**GOAL OF THE EXERCISE:** In your reply, write out each entry exactly as given.

**RECORDS SHOWN:**
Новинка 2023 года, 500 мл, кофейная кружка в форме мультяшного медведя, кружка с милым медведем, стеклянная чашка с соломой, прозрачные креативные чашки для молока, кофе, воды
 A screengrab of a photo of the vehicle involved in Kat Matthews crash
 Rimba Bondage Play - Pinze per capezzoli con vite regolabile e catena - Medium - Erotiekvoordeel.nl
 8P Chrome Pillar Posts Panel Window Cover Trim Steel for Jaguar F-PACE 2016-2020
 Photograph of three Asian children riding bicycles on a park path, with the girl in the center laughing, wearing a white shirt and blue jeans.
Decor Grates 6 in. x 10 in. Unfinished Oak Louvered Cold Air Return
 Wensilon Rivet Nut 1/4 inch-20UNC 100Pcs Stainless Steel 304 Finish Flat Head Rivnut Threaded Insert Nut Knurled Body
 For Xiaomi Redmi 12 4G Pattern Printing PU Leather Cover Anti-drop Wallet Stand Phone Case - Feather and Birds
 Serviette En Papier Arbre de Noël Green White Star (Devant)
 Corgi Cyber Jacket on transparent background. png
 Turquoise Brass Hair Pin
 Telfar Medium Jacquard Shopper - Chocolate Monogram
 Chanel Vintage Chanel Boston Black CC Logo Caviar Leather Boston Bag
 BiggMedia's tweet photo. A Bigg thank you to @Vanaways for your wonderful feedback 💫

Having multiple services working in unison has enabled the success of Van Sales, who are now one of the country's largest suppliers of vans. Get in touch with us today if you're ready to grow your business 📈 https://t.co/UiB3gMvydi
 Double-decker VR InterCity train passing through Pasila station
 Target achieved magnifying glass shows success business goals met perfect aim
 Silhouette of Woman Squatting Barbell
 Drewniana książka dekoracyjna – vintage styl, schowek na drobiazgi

**ANSWER SPACE:**
Новинка 2023 года, 500 мл, кофейная кружка в форме мультяшного медведя, кружка с милым медведем, стеклянная чашка с соломой, прозрачные креативные чашки для молока, кофе, воды
 A screengrab of a photo of the vehicle involved in Kat Matthews crash
 Rimba Bondage Play - Pinze per capezzoli con vite regolabile e catena - Medium - Erotiekvoordeel.nl
 8P Chrome Pillar Posts Panel Window Cover Trim Steel for Jaguar F-PACE 2016-2020
 Photograph of three Asian children riding bicycles on a park path, with the girl in the center laughing, wearing a white shirt and blue jeans.
Decor Grates 6 in. x 10 in. Unfinished Oak Louvered Cold Air Return
 Wensilon Rivet Nut 1/4 inch-20UNC 100Pcs Stainless Steel 304 Finish Flat Head Rivnut Threaded Insert Nut Knurled Body
 For Xiaomi Redmi 12 4G Pattern Printing PU Leather Cover Anti-drop Wallet Stand Phone Case - Feather and Birds
 Serviette En Papier Arbre de Noël Green White Star (Devant)
 Corgi Cyber Jacket on transparent background. png
 Turquoise Brass Hair Pin
 Telfar Medium Jacquard Shopper - Chocolate Monogram
 Chanel Vintage Chanel Boston Black CC Logo Caviar Leather Boston Bag
 BiggMedia's tweet photo. A Bigg thank you to @Vanaways for your wonderful feedback 💫

Having multiple services working in unison has enabled the success of Van Sales, who are now one of the country's largest suppliers of vans. Get in touch with us today if you're ready to grow your business 📈 https://t.co/UiB3gMvydi
 Double-decker VR InterCity train passing through Pasila station
 Target achieved magnifying glass shows success business goals met perfect aim
 Silhouette of Woman Squatting Barbell
 Drewniana książka dekoracyjna – vintage styl, schowek na drobiazgi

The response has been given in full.